This work presents a knowledge-based system and architecture for the formalization of quality of service (QoS) characteristics and measurement methods in telematic services, and for the collection, distribution and assessment of the QoS information obtained using these methods. The solution makes use of ontologies and reasoning technology to define and compare QoS information. The system can help customers to select the service offer that best fits their quality requirements. Providers will use it to detect when the delivered service fails to fulfill the quality agreements that they signed with customers.

Introduction

Telematic services are those provided through a telecommunication network and involving information exchange (for example: data, video or audio). As new services appear with high performance requirements, mechanisms to ensure quality of service and metrics to monitor this quality become necessary.

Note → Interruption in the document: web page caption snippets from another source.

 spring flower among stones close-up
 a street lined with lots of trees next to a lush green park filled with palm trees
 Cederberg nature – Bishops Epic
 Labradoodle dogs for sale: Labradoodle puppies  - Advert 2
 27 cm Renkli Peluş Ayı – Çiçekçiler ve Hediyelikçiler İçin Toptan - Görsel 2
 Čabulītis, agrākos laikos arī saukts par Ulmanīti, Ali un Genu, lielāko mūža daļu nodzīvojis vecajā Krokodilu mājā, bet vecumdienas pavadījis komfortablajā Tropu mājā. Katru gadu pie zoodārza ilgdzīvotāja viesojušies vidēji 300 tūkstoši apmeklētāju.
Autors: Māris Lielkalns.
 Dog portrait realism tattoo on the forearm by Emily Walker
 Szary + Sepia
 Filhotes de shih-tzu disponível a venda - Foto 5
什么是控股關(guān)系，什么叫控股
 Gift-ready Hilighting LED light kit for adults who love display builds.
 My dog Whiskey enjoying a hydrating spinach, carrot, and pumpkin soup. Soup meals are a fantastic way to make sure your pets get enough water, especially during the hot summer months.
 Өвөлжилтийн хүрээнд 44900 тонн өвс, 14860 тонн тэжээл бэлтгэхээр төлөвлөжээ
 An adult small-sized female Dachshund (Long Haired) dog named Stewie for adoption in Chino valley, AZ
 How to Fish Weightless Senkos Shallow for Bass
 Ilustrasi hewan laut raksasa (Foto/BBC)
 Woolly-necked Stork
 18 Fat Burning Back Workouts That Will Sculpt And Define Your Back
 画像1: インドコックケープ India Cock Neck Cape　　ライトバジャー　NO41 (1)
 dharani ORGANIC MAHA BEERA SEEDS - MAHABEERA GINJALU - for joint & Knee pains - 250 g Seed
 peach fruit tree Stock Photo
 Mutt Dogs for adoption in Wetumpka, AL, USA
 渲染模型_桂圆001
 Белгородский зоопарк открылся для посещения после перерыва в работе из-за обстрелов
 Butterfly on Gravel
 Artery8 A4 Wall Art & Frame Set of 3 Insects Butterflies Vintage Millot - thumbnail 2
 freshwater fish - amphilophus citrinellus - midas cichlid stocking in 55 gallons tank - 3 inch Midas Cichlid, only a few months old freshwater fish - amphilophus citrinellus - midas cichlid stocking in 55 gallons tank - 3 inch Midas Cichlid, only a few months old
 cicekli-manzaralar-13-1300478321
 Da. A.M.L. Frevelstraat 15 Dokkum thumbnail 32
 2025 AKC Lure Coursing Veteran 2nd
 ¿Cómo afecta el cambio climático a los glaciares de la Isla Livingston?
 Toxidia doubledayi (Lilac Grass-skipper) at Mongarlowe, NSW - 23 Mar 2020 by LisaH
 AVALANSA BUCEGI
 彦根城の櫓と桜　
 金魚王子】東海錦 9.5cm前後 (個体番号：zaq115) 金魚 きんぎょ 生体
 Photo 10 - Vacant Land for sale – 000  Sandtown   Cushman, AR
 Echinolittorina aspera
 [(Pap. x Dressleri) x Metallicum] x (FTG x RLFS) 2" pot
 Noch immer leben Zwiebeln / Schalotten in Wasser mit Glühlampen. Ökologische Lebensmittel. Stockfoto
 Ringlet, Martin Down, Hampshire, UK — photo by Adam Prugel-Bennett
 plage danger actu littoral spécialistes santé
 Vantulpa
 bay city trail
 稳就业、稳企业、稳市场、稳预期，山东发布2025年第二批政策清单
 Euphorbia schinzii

The right selection of a service provider by the customers depends on the availability of information about the QoS offered and delivered by each provider, so they may perform a comparison and make a decision. From the provider’s point of view, monitoring QoS is important to check the fulfillment of agreements. Service level agreements (SLAs) are the contracts that customers and providers sign to define the requirements of the services being delivered. Measurements and requirements must be compared in order to detect SLA violations. The providers may also want to use quality to differentiate their offer from those of the competitors. To do so, they would make QoS data available to quality agencies or other independent actors to let them certify that the provider delivers a particular level of quality.

The methodology, mechanisms and characteristics used to measure the QoS should be the same for all the providers, so the measured data can be used for comparisons. This is not always possible due to the provider’s business strategies. A possible approach is making independent actors, such as quality agencies or organizations for standardization responsible for defining characteristics, metrics and reference service levels (RSLs) and checking if the measurements taken at the provider’s infrastructure fulfill the defined requirements.

Two more tasks are required: the design of a method to publish and exchange the QoS information and the implementation of a system to compare the measurements against requirements from SLAs or RSLs. Knowledge-based technology, such as the Semantic Web [1] approach, contributes to simplify the development of these systems. The Semantic Web defines a framework for data sharing and information reusability. The formalization of the data by means of ontologies [17] facilitates sharing and exchanging information, also reducing the possibility of misunderstanding the meaning of the concepts. Rules can help to automate the comparisons by defining how instances of the ontologies can be handled to perform the evaluation. So, the Semantic Web characteristics of data sharing, distribution and rule reasoning are useful for the environment where telematic services live.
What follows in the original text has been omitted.